Rate

4

Horror & Thriller Series 526

Awalnya Jun hanya ingin berjalan-jalan. Namun, tampaknya wanita yang ada disampingnya mengajaknya memasuki sebuah restaurant. Mereka berdua masuk dan memesan sebuah makanan mewah dan mahal. Seorang pelayan datang dan menghidangkan semua makanan yang mereka berdua pesan.

Setelah selesai, Desi menyarankan untuk kesebuah taman, tapi Jun yang melihat bahwa ini sudah hampir tengah malam berniat membawa kembali Desi kerumahnya. Mereka kembali.

"Terimakasih atas makan malamnya!" Ucap Desi dengan senyum sumringah. Memamerkan gigi putihnya.

"Tidak masalah."

Lalu Jun kembali kerumah.
Tempat yang sangat nyaman dan santai untuk menikmati malam yang serasa mencekam barusan. Jun sangat tidak percaya bahwa Desi akan mengajaknya keluar malam ini. Tapi tidak akan mungkin untuk menolak ajakan Desi karena ajakan ini menyertakan nama ayah Desi didalamnya.

Didepan rumah, Erik sedang duduk sambil mengetik sesuatu didepan laptopnya. Matanya sesekali menatap buku yang ada disamping lalu kembali menatap layar monitor dan mengetik kembali.

Jun turun dari mobil dan mendesah panjang saat duduk di kursi panjang di samping Erik.

"Bagaimana? Apakah menyenangkan?" Tanya Erik tidak lepas dari pandangan dan tangannya tetap mengetikkan sesuatu pada layar laptopnya.

"Membosankan."

"Bagaimana mungkin membosankan? Desi tipe orang yang baik dan perhatian. Wajahnya juga manis dan cantik. Bagaimana bisa membosankan?" Kali ini Erik menatap Jun. Membutuhkan penjelasan kakaknya.

"Entahlah, tapi Desi tidak sesuai dengan kriteriaku!"

"Apa....?" Erik berteriak. Tatapan kagetnya terasa dia akan dimangsa oleh seekor harimau ganas yang belum pernah makan selama dua hari. "Apakah Jun buta? Desi wanita cantik dan baik, apanya yang kurang dari wanita itu?".

"Dia bukanlah tipeku, dan tidak akan pernah menjadi tipeku.
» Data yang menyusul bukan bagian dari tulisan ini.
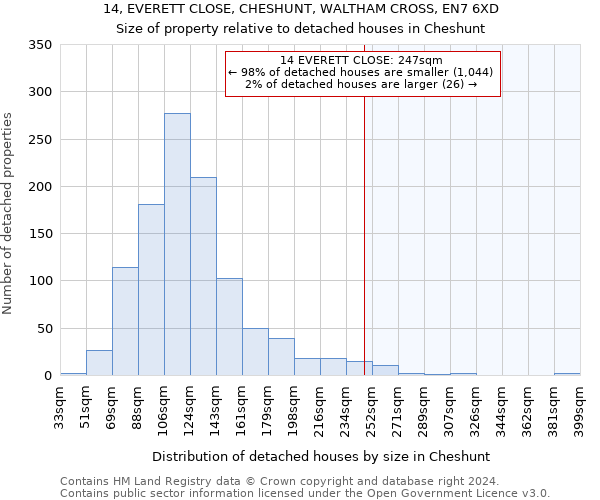 14, EVERETT CLOSE, CHESHUNT, WALTHAM CROSS, EN7 6XD: Size of property relative to detached houses in Cheshunt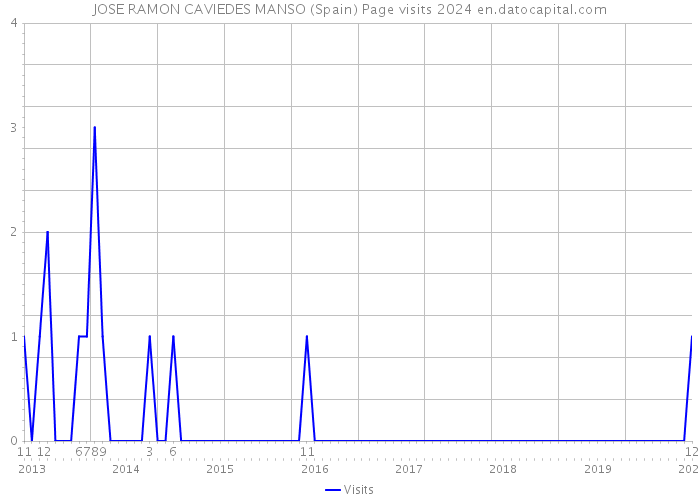 JOSE RAMON CAVIEDES MANSO (Spain) Page visits 2024 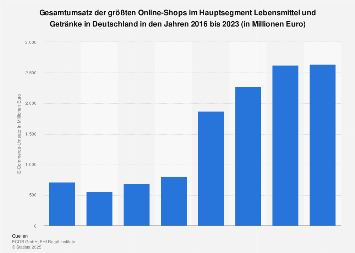 Gesamtumsatz der größten Online-Shops im Segment Lebensmittel in Deutschland bis 2018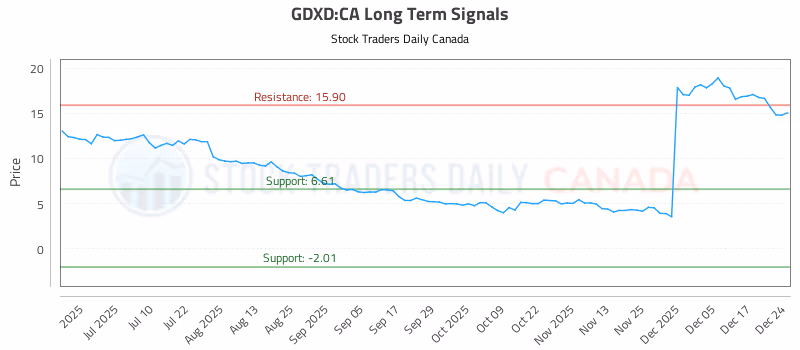 Stock Chart for GDXD:CA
Walaupun wajahnya cantik dan dia juga baik, tapi dia terlalu antusias terhadapku. Aku tidak menyukai orang-orang seperti itu." Jelas Jun kembali.

Inilah alasan Jun tetap tidak mempunyai kekasih sampai sekarang. Bukanlah dia tidak pernah disukai oleh beberapa wanita. Tapi prinsip Jun yang membuatnya begini. Dia tidak akan menyukai wanita yang terlalu antusias, yang terlalu berkhayal bahwa mereka akan tetap disukai oleh Jun. Yang terlalu memamerkan kekayaan. Yang terlalu memamerkan kecantikan dan keseksian mereka, dan terlalu over protektif padanya. Semua itu bahkan selalu dijauhi oleh Jun sendiri dari wanita yang selalu mendekatinya.
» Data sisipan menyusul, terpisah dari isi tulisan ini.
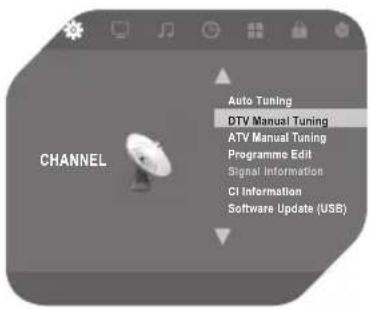 OK OLE 244 B-D4 - Tipo de selección DVB - 3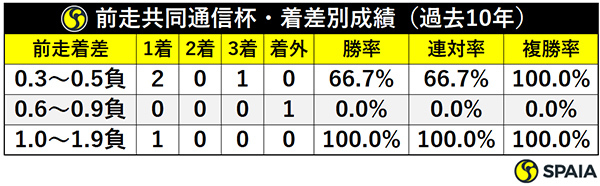 前走共同通信杯・着差別成績（過去10年）ⒸSPAIA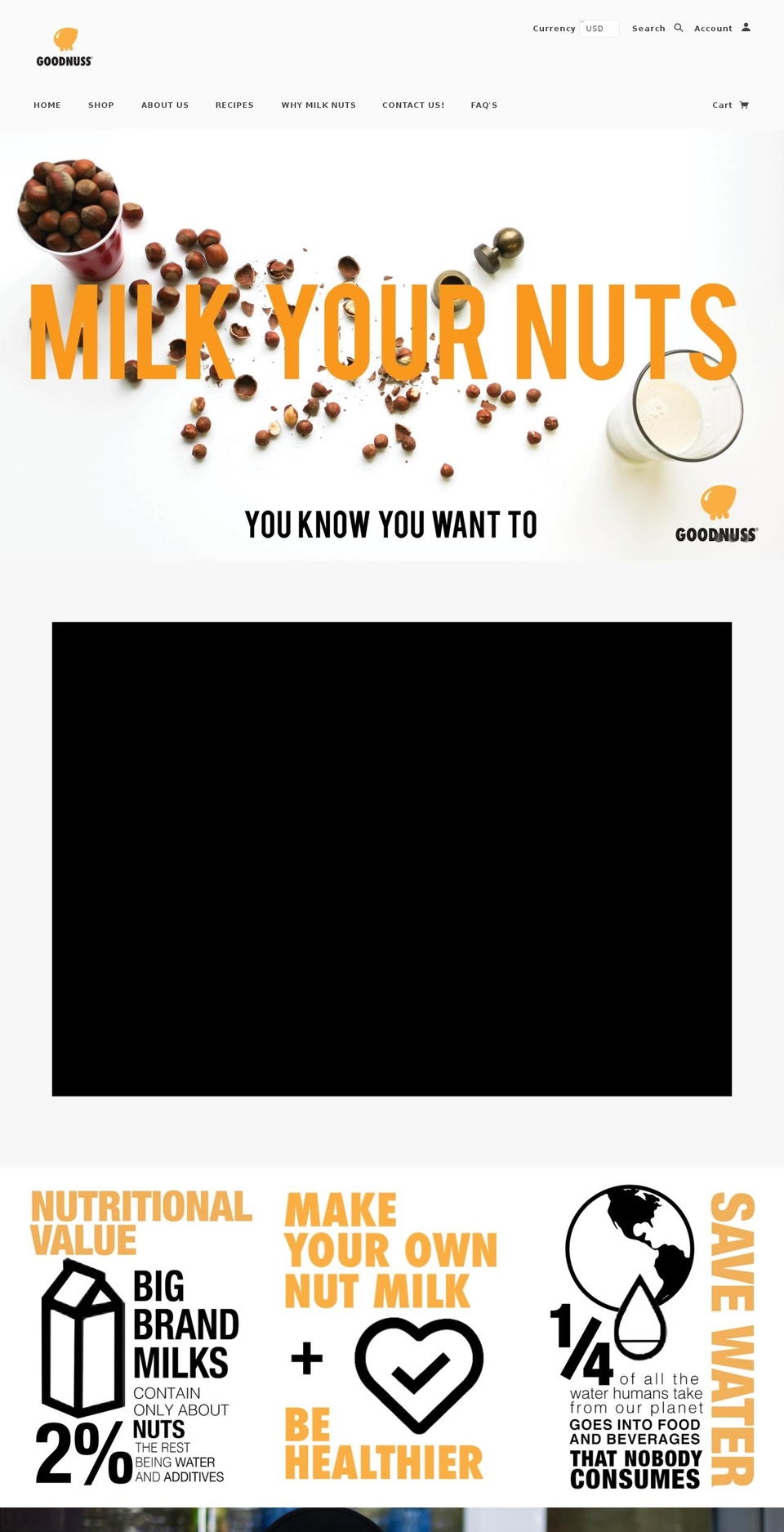 mygoodnuss.com shopify website screenshot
Dari dalam rumah, Edward berjalan menghampiri mereka berdua. Tatapannya langsung terarah ke arah Jun yang terlihat lelah. Duduk didepan mereka berdua.

"Bagaimana dengan Desi? Apa dia menarik?" Tanya Edward fokus pada wajah Jun.
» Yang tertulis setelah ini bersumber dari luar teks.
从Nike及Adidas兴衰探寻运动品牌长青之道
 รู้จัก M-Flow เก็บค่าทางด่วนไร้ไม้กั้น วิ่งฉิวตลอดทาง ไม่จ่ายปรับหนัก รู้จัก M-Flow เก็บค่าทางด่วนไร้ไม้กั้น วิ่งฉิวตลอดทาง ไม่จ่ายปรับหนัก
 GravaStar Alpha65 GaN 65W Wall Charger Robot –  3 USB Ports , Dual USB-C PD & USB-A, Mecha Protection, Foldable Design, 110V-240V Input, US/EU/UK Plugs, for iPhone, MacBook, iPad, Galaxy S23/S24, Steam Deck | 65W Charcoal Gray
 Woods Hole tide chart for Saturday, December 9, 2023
"Sangat membosankan!". Jun hanya menyandarkan tubuhnya pada kursi panjang dan mengatur tubuhnya se-rileks mungkin agar merasa nyaman.

Edward bahkan tidak kaget mendengar pernyataan anaknya itu. Sudah beberapa gadis yang diajaknya jalan dan setiap kata yang diucapkan Jun hanyalah 'membosankan'. Edward ingin anaknya ini juga mendapatkan pacar seperti anak-anak yang lain. Apalagi umur Jun sudah 22 tahun. Dengan wajah tampan miliknya tidak akan ada yang berani menolaknya. Tapi bukan itu masalahnya. Jun-lah yang selalu bersikap dingin pada semuanya. Tidak ada rasa semangat dalam dirinya.

"Emm, begini..." Kata Edward terputus.

Dengan adanya kata-kata ini, seharusnya ini sangat penting. Erik dan Jun yang sedari tadi melakukan kegiatannya sendiri kini fokus pada Edward yang sedang duduk didepan, ingin menjelaskan sesuatu.

"Minggu depan, ayah akan melakukan pekerjaan di kota C." Mata Edward masih menyapu kedua anaknya dan melanjutkan, "Setidaknya itu membutuhkan waktu selama 4 tahun."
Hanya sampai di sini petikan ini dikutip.